◆ Problem details ◆
Instruction for the entries that follow: retype exactly the lines from the line with "Alex online show from 24, 2, 2026" to the line with "Wilson Wilson", both included, and omit all others.
===== Dataset excerpts =====
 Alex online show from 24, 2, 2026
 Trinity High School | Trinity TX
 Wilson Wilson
=====
===== Dataset excerpts =====
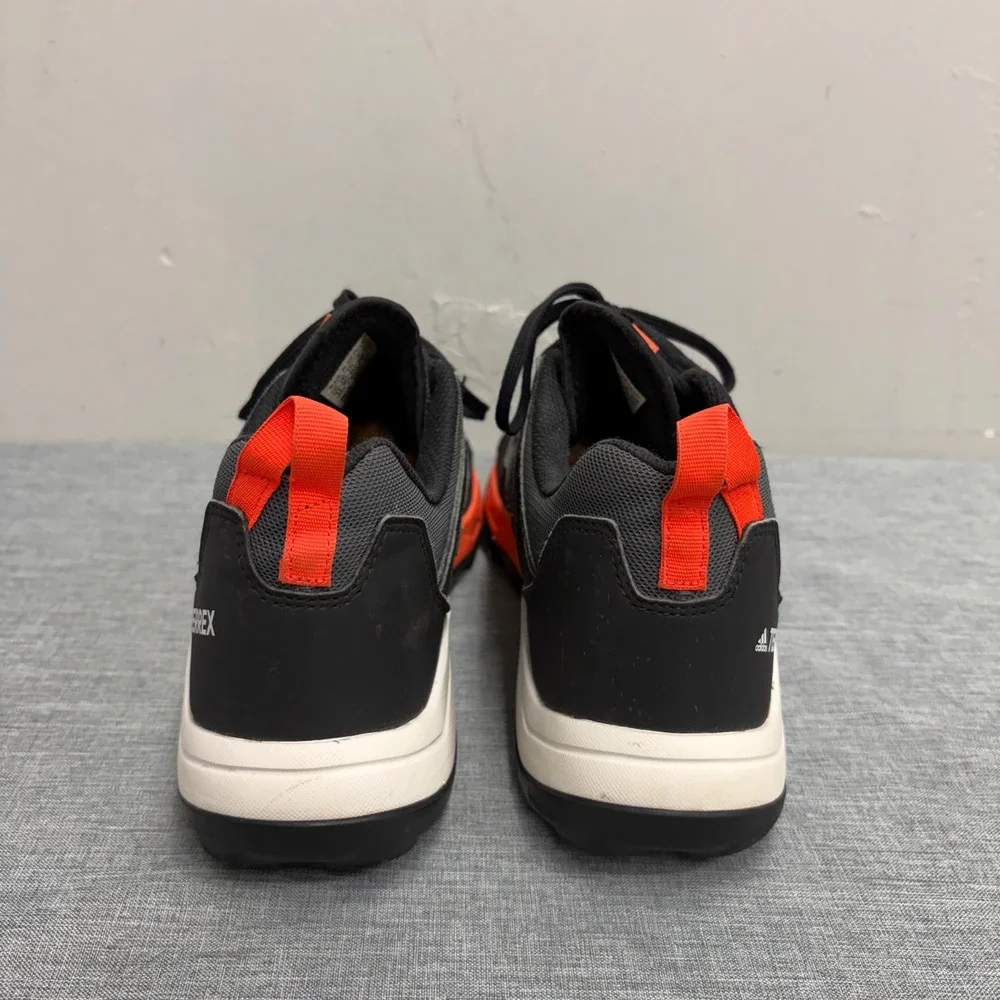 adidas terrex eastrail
=====
◆ Output for this exercise ◆
 Alex online show from 24, 2, 2026
 Trinity High School | Trinity TX
 Wilson Wilson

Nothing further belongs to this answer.